On Wednesday she was endorsed by John Warner, a five-time Virginia senator.

She was also backed by the Arizona Republic newspaper, the first time it has supported a Democrat since its founding in 1890.

"Since The Arizona Republic began publication in 1890, we have never endorsed a Democrat over a Republican for president. Never. This reflects a deep philosophical appreciation for conservative ideals and Republican principles. This year is different.
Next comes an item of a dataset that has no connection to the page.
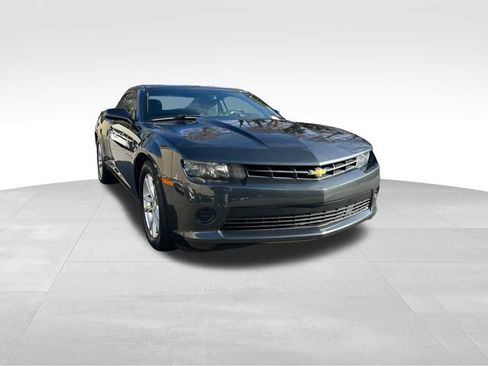 Used 2014 Chevrolet Camaro LS image 7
The 2016 Republican candidate is not conservative and he is not qualified," the editorial in the Republic, the state's largest, says.

Senator Warner represented Virginia in the Senate for five terms between 1979 and 2009. He also served as Secretary of the Navy and chairman of the Senate Armed Services Committee.

Speaking alongside Tim Kaine, the Democratic vice-presidential nominee, Mr Warner said that he was "distressed" by Mr Trump's words, and that the Republican nominee does not have respect for the military.

This is the first time he has endorsed a Democrat for president.

Other Republicans to have supported Mrs Clinton include Larry Pressler, a former governor and senator from South Dakota, and former Minnesota governor Arne Carlson.

In other campaign developments:

  • Chelsea Clinton has derided Mr Trump for threatening to bring up her father's infidelities in the next debate
  • Mr Trump's campaign has said Mrs Clinton is "in panic mode" over his improved polling numbers
  • First Lady Michelle Obama has said the birther movement raised "hurtful, deceitful questions" about her husband
  • President Obama has said his legacy is on the ballot in this year's election
 
No wonder some Republicans are jumping ship. They have their reputations to think of and being associated with Trump if he loses will taint that.